Republican Senator Jeff Sessions, Donald Trump’s candidate for attorney general said on Tuesday that he opposed banning Muslims from entering the United States and, taking a tougher stance than the president-elect, said waterboarding is torture and illegal.
During the 2016 election campaign Trump said waterboarding was an effective interrogation technique and vowed to bring it back and “a hell of a lot worse.”
Similarly, President George W. Bush’s administration came under fire when intelligence agencies used the method of waterboarding. It is an interrogation technique that simulates the experience of drowning. Recently, Trump revealed that his nominee for secretary of defense, Ret. Marine Corps General James Mattis, had also argued against it.
When asked if waterboarding was a means of torture, Sessions said Congress has since passed legislation that makes it “absolutely improper and illegal to use waterboarding or any other form of torture.”
His stance, however, that the law clearly bans waterboarding, could be a problem for Trump if he attempts to reinstate it.
During his campaign, Trump at one point proposed a temporary ban on Muslims entering the country. Sessions said he does not support banning anyone from the United States on the basis of religion, and explained that Trump’s intentions were to block people coming from countries harboring terrorists, not all Muslims. Protesters charging Sessions has a poor record on human rights interrupted the proceedings several times, as senators pushed Sessions on his and Trump’s positions on issues such as immigration and civil rights.

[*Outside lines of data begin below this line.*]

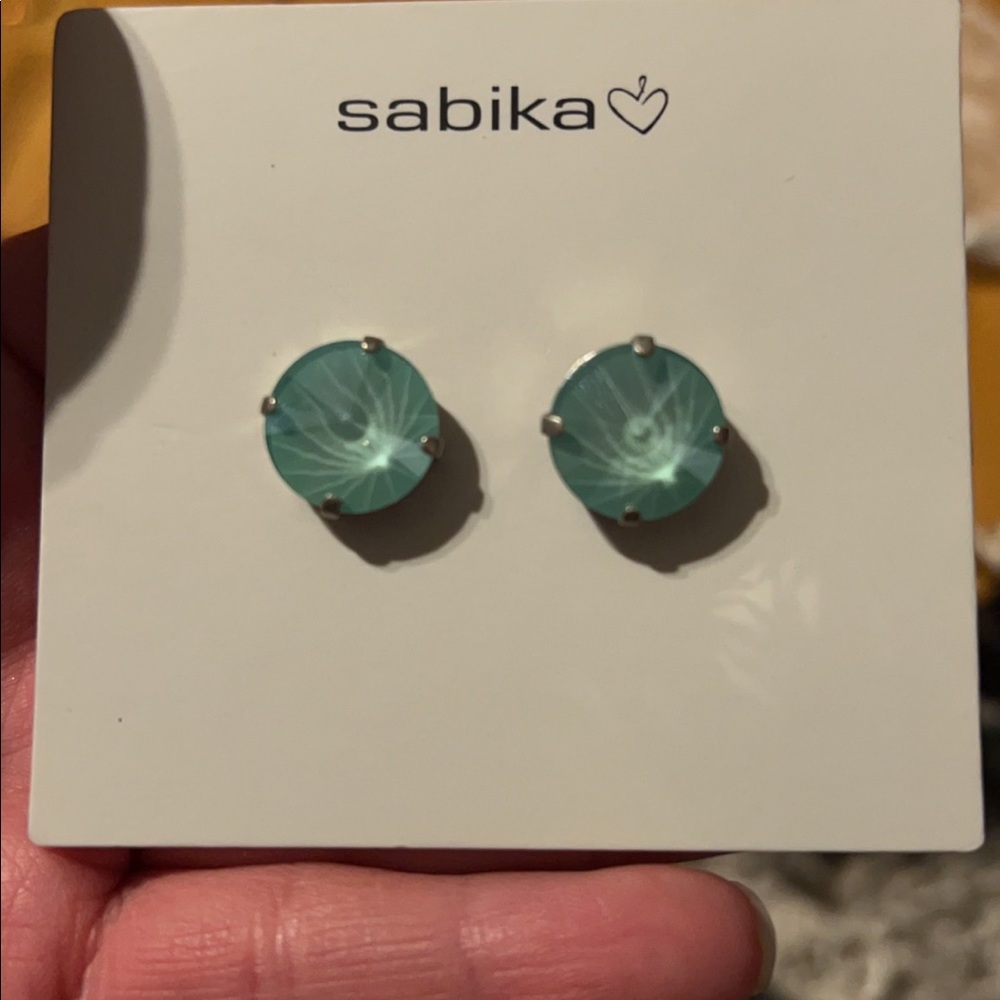 Beautiful Jade Sabika Vienna Stud earrings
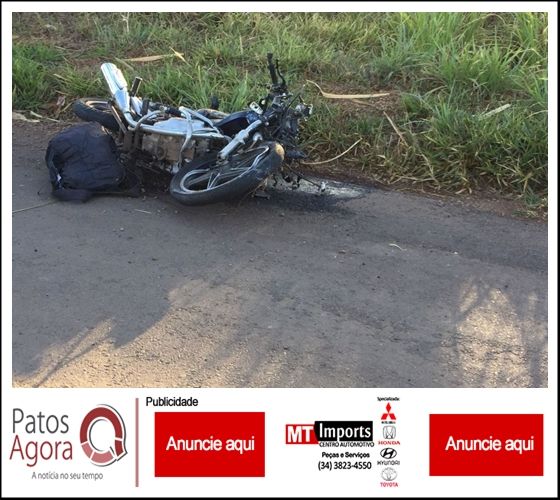 Grave acidente mata motociclista na BR-354, próximo à Lagoa Formosa | Patos Agora - A notícia no seu tempo - https://patosagora.net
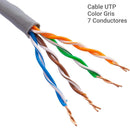 Cable Utp Categoria 5E Unifilar Gris Metro Lineal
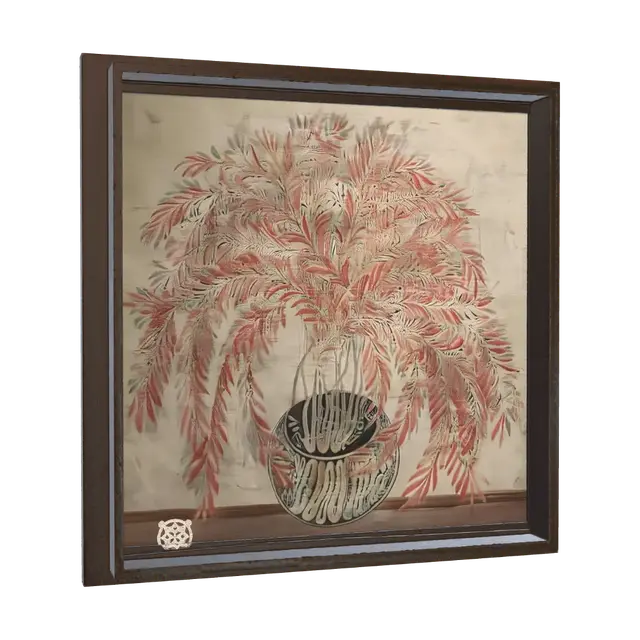 3D model for Autumn Fern in a Ceramic Pot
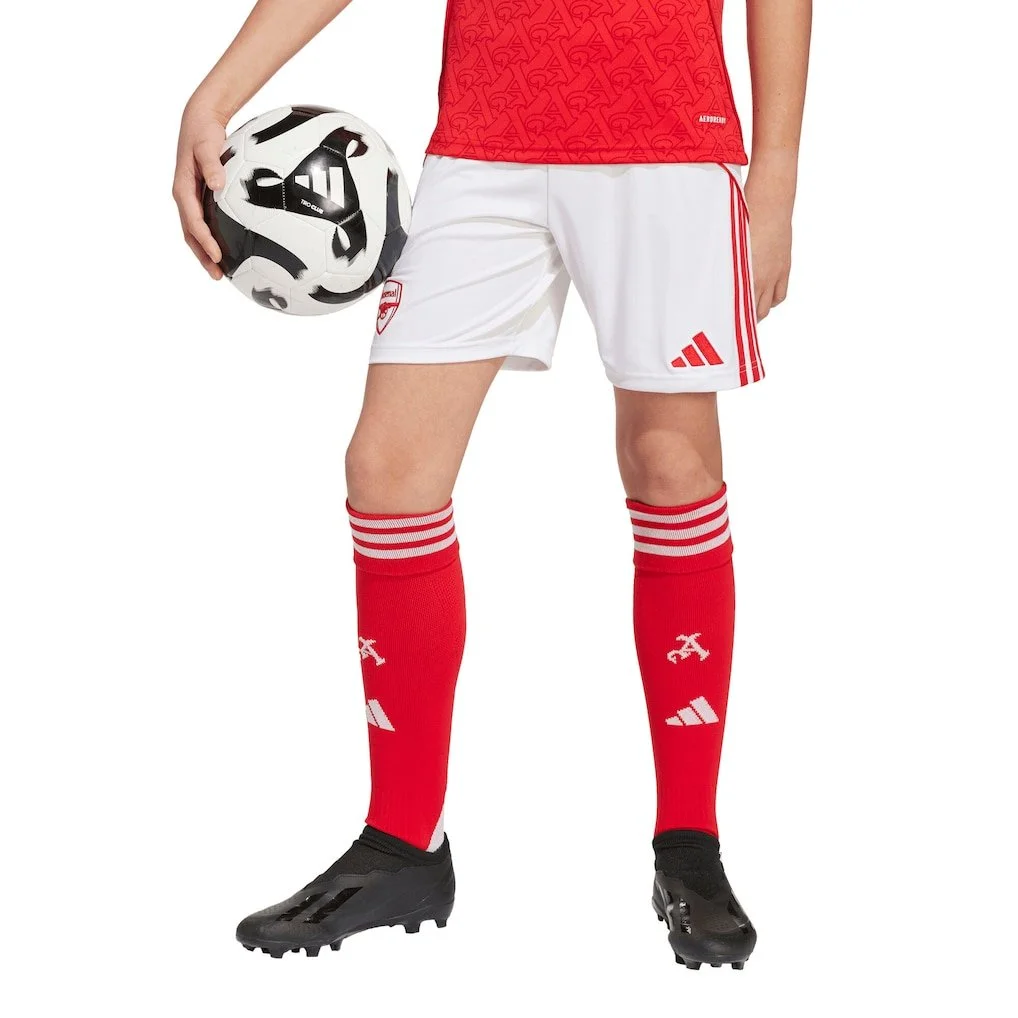 Arsenal adidas Home Shorts 2025-26 - Kids - £30.00
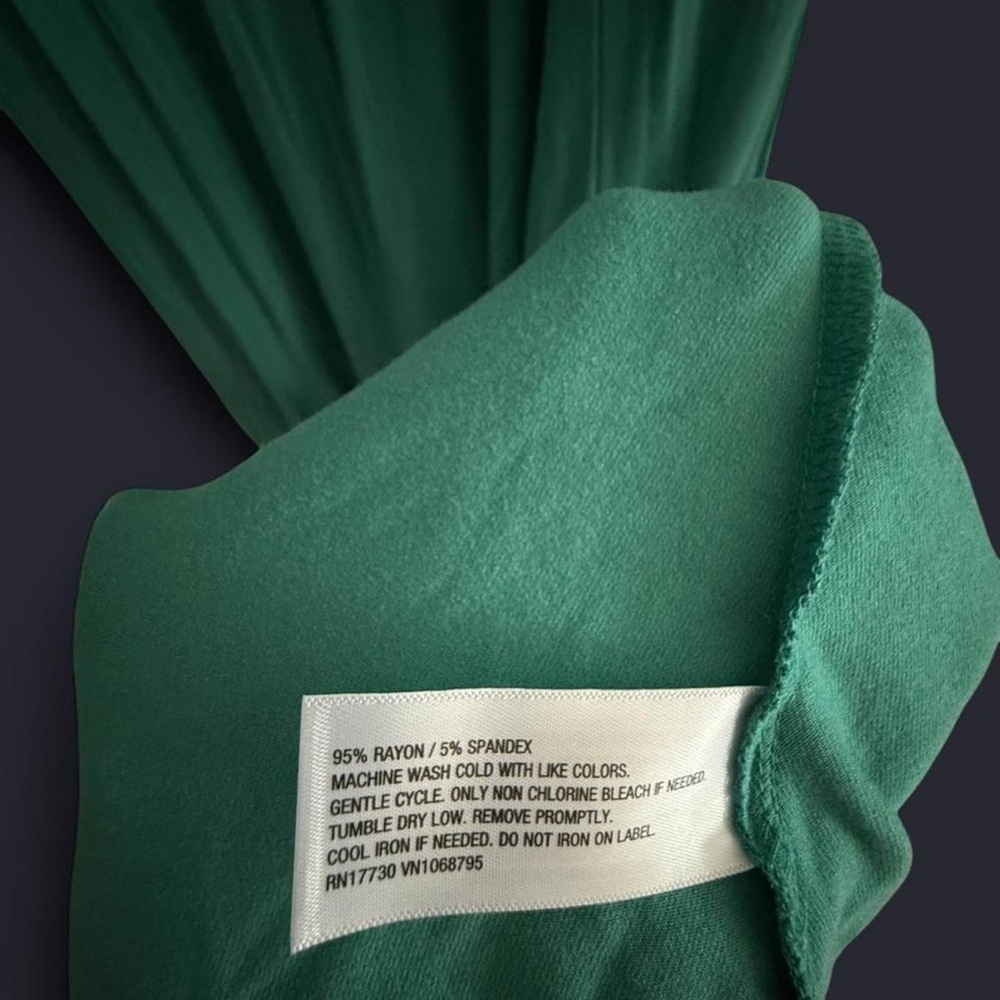 A New Day Teal Green Sleeveless Scoop Neck Sundress - Picture 5 of 5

He became the first sitting senator to endorse Trump for the presidency in early 2016 and has since been an adviser on issues such as immigration. He is being reviewed by the Senate Judiciary Committee, a panel on which he serves, and is expected to be confirmed by the Republican-controlled Senate.
However, many questions aimed to establish how closely he hewed to some of the positions of the incoming President. Sessions said he agreed with Trump in opposing President Barack Obama’s executive action that granted temporary protection to immigrant children who have been illegally brought to the United States by their parents and would not oppose overturning it.
Sessions agrees with his many of his fellow Republicans that the military prison for foreign terrorism suspects in Guantanamo Bay, Cuba should remain open. The Obama administration has sought to close Guantanamo Bay, which was initially opened by the Bush administration in 2002, and bring its prisoners to US civilian courts to be tried.